VAIRANO, ITALY, February 8, 2001 - European Formula Racing flexed its motorsport muscle last Saturday in an unusual test at the Vairano circuit in northern Italy. The Ledbury, UK-based operation, which is part of the European Aviation Group of Companies owned by expatriate Australian businessman, Paul Stoddart, now boasts a formidable presence in the top levels of single-seater motor racing.
By way of underlining that point, the team rolled out examples of its European Minardi F1, European Minardi F3000 and European Minardi F1x2 chassis at the private test track, near Milan, before giving each of them a series of shakedown runs.

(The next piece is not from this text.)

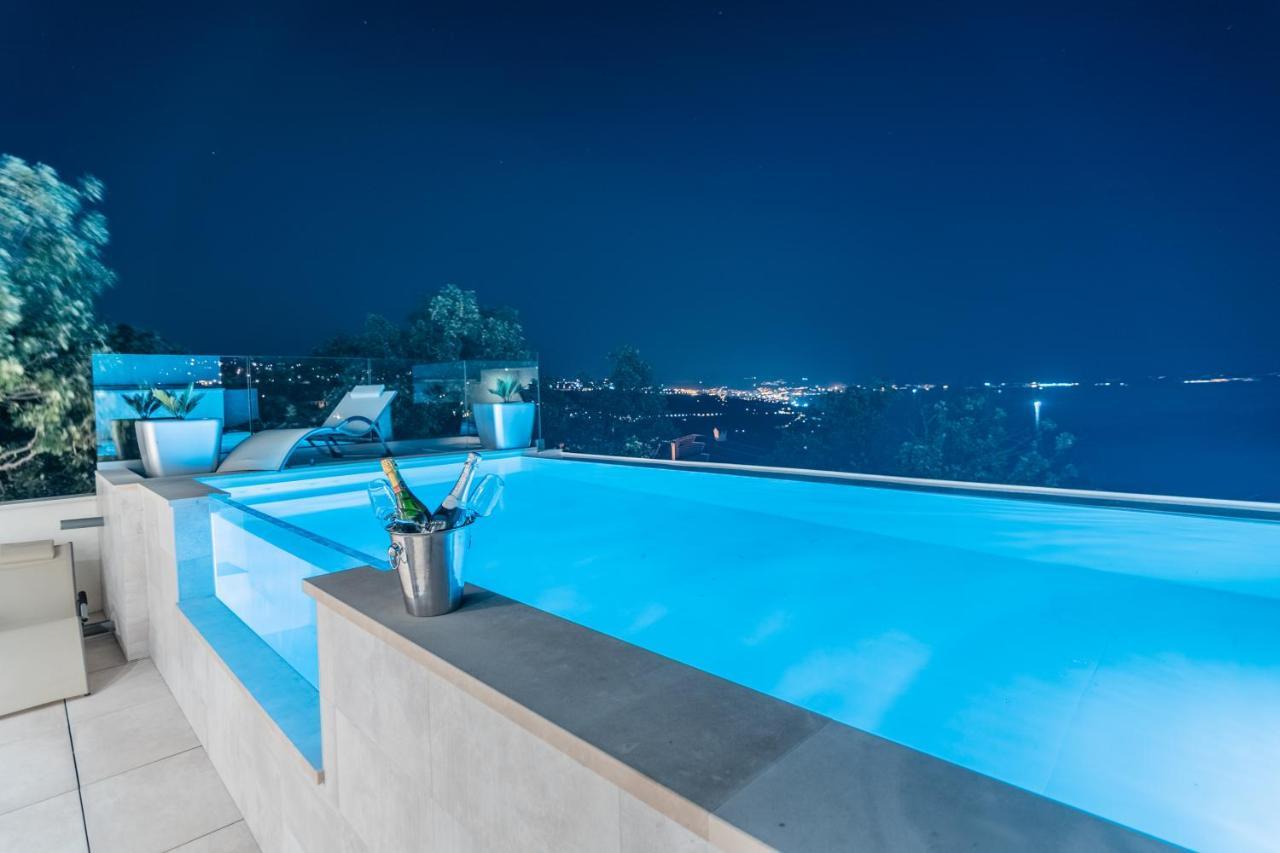 Villa The Boat With Rooftop Pool Матульи Экстерьер фото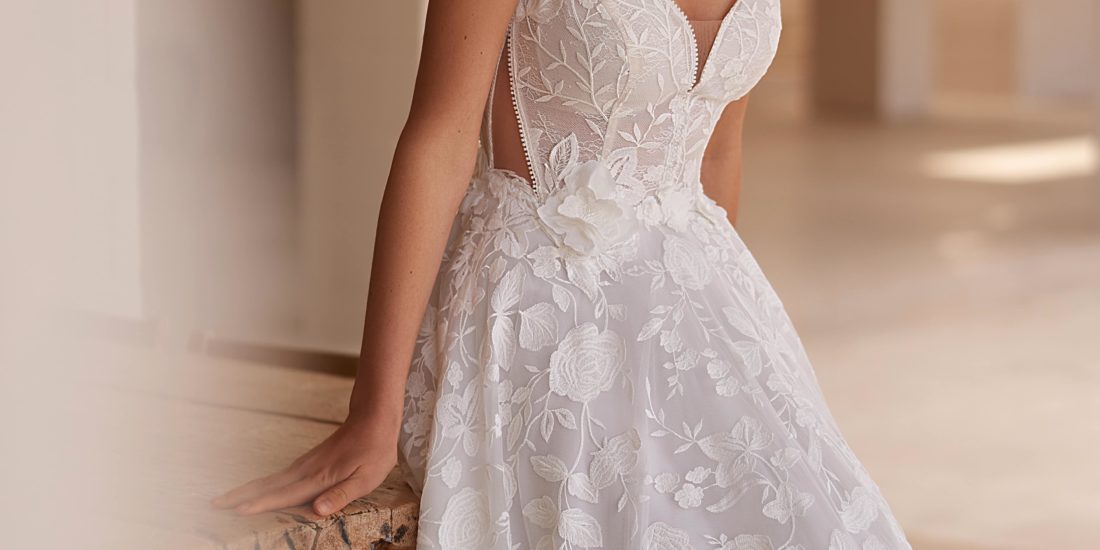 elizabeth passion_brautatelier ried_5720_brautkleid_all-over-spitze_spaghetti träger_karre rücken_ivory_vorne_details_1-min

It was a particularly satisfying moment for Stoddart, who last week succeeded in realising his lifelong ambition of owning a Formula One team by acquiring the Italian-based Minardi organisation. His intention is to merge Minardi with European Formula Racing, while ensuring Minardi retains its unique identity and continues to operate out of its Faenza factory, near Bologna.

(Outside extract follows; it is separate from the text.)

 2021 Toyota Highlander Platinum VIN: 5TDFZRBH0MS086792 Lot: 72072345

The Formula One car was entrusted to Spanish teenage sensation, Fernando Alonso, while young Dutch charger, Christian Albers, handled the Formula 3000 chassis and Paul Stoddart himself took the wheel of the Formula One two-seater and acted as "chauffeur" for a number of willing passengers. The highlight of the day was undoubtedly the sight of the three very distinctive European Minardi cars circulating the Italian track in a high-speed convoy. It was a unique occasion and an example of the "free-thinking'' approach that has frequently been a hallmark of Stoddart's business and motorsport endeavours.
"We thought it would be a great idea just to get the lads and the cars together from our operations in the UK and Italy so they could get to know one another and also blow off the cobwebs that inevitably build up during the off-season," explained Paul Stoddart. "We can't honestly claim to have made any technical gains with the cars as a result of this particular test, but it was still worthwhile to give them a shakedown and it was definitely a useful team- building exercise.
"Everyone, both at Faenza and at Ledbury, is working flat out to ensure a pair of European Minardis are on the grid for the Australian Grand Prix, in Melbourne. Today's programme just served to remind us all of the business we're in, which is motor racing. Like all top sports, it requires high levels of expertise and a lot of hard work to achieve success, but it also requires passion and dedication. I sensed all of those elements were here today, and that makes me optimistic for the future. We're all realists and we know we have a huge job ahead of us, but we also know we can do it and that a lot of the fun is going to be in the journey that takes us from here to there."